If there’s a use case where latency is your absolute top priority, then you should be using UDP, and not TCP. Because TCP will always nobble your latency because it insists on ordered data delivery, and will delay just received packets if they arrive ahead of preceding packets. Only UDP gives you the ability to opt-out of that behaviour, and ensure that data is sent and received as quickly as your network allows, and lets your application decide for itself the handling of missing data.
It makes perfect sense if you consider the right abstraction. TCP connections are streams. There are no packets on that abstraction level. You’re not supposed to care about packets. You’re not supposed to know how large a packet even is.
The default is an efficient stream of bytes that has some trade-off to latency. If you care about latency, then you can set a flag.
There is no perfect abstraction. Speed matters. A stream where data is delivered ASAP is better than a stream where the data gets delayed... maybe... because the OS decides you didn't write enough data.
The default actually violates the abstraction more because now you care how large a packet is, because somehow writing a smaller amount of data causes your latency to spike for some mysterious reason.
> A stream where data is delivered ASAP is better than a stream where the data gets delayed
That depends on your situation, because as you say no abstraction is perfect. Having a stream delivered “faster” isn’t helpful if means your overhead makes up 50% of your traffic, exactly what nagle avoids.
Nagles algorithm is also pretty smart, it’s only going to delay your next packet until it’s either full, or the far end has acknowledged your preceding packet. If your got a crap ton of data to send, and you’re dumping straight into the TCP buffer, then Nagle won’t delay anything because there’s enough data to fill packets. Nagle only kicks in if you’re doing many frequent tiny writes to a TCP connection, which is rarely a valid thing to do if you care about latency and throughput, so Nagles algorithm assuming the dev has made a mistake is reasonable.

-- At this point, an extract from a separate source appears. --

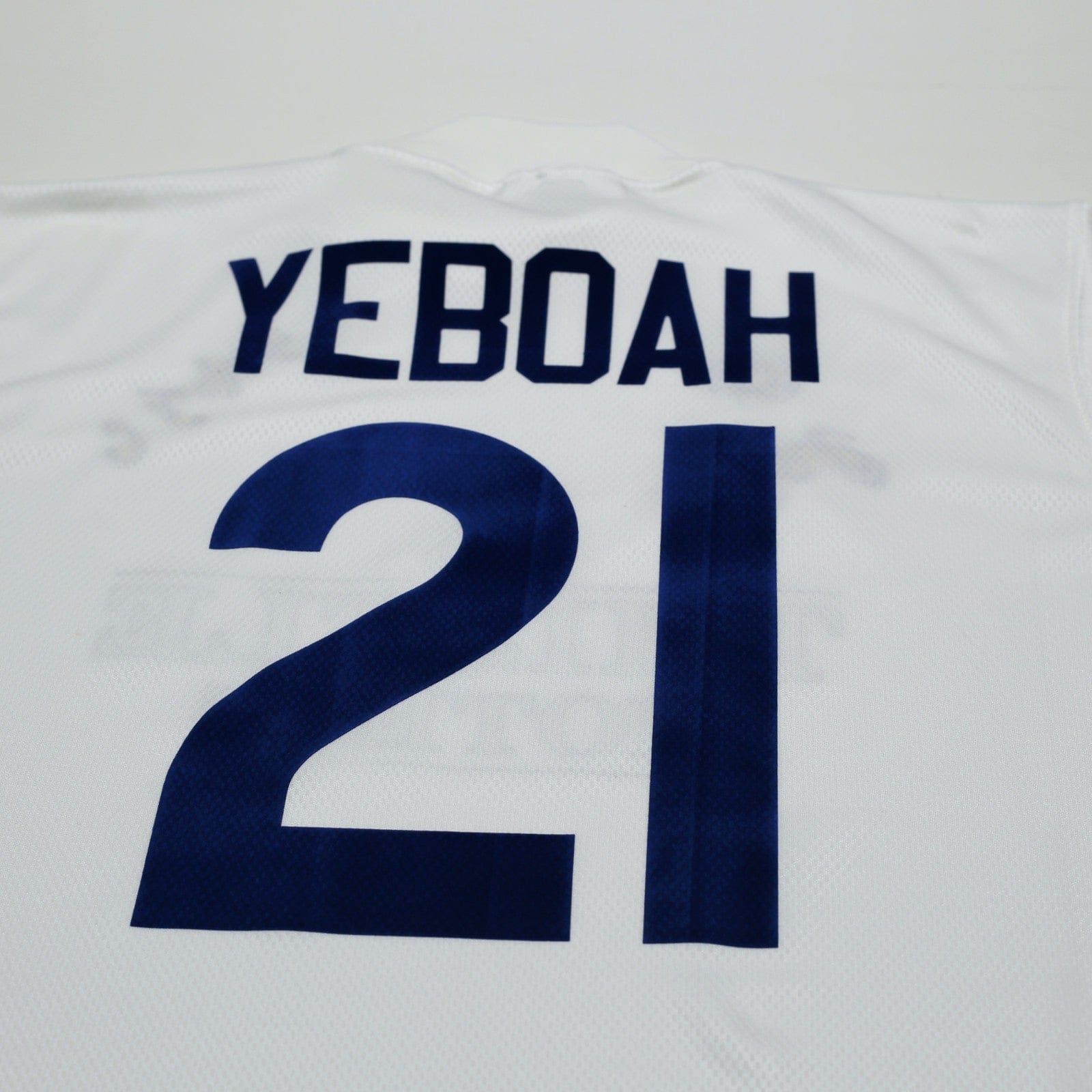 1995/96 Yeboah #21 Leeds United Vintage Asics Home Football Shirt (L)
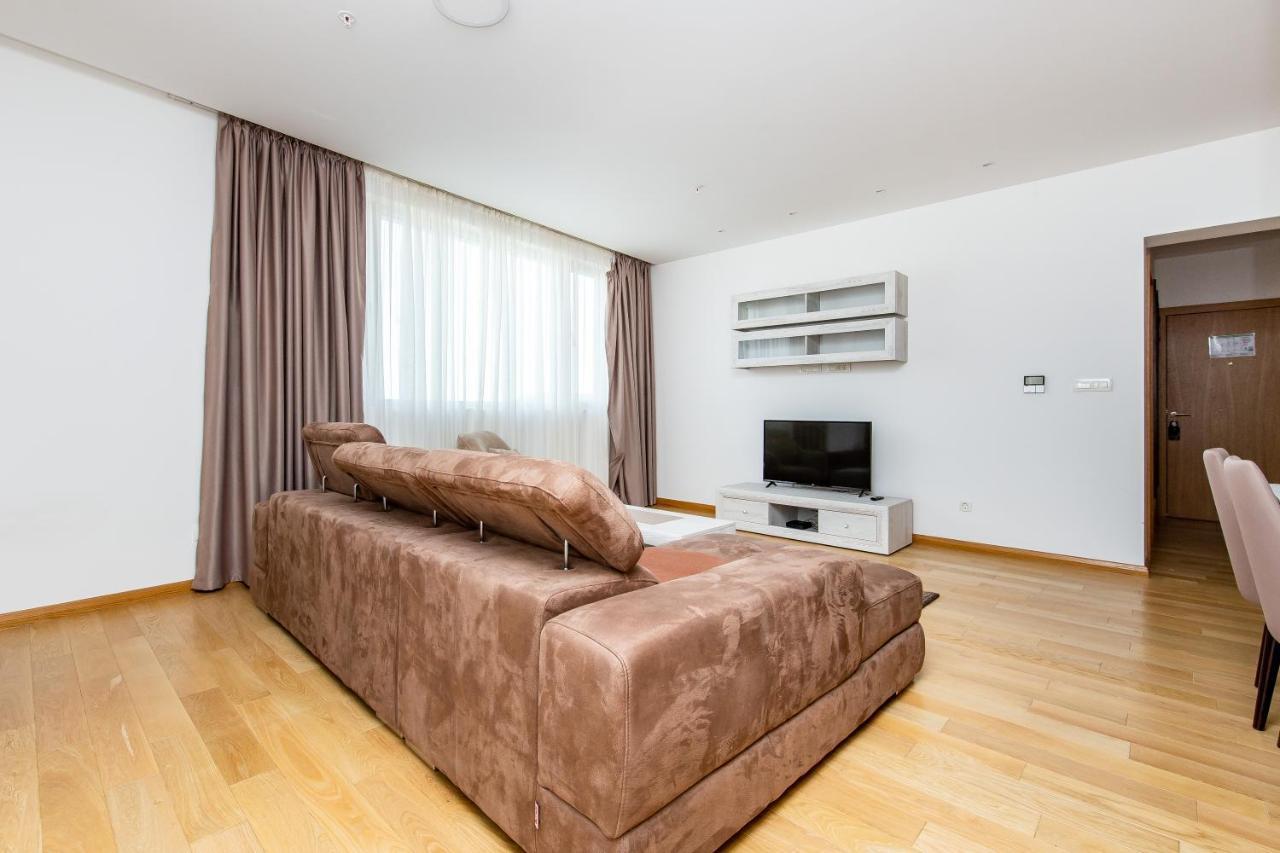 Apartments Lora In Apart-Hotel Будва Екстериор снимка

If you really care about stream latency, then UDP is your friend. Then you can completely dispense with all the traffic control processes in TCP and have stuff sent exactly when you want it sent.
Often times when people want to send five structs, they just call send five times. I find delayed acks a lot more weird compared to nagle.
In those cases it would be better to call writev() which was designed to coalesce multiple buffers into one write call.
How it sends the data is however up to the implementation, and whether it delays the last send if the TCP buffer isn't entitrely full I'm not sure - but it doesn't make sense to do so, so I would guess not.
https://linux.die.net/man/2/writev
Nagle's algorithm matters because the abstraction that TCP works on, and which was inherited by BSD Socket interface, is that of emulating a full duplex serial port.
Compare with OSI stack, where packetization is explicit at all layers and thus it wouldn't have such an issue in the first place.
Yeah it seems crazy to have that kind of hack in the entire network stack and on by default just because some interactive remote terminal clients didn't handle that behavior themselves.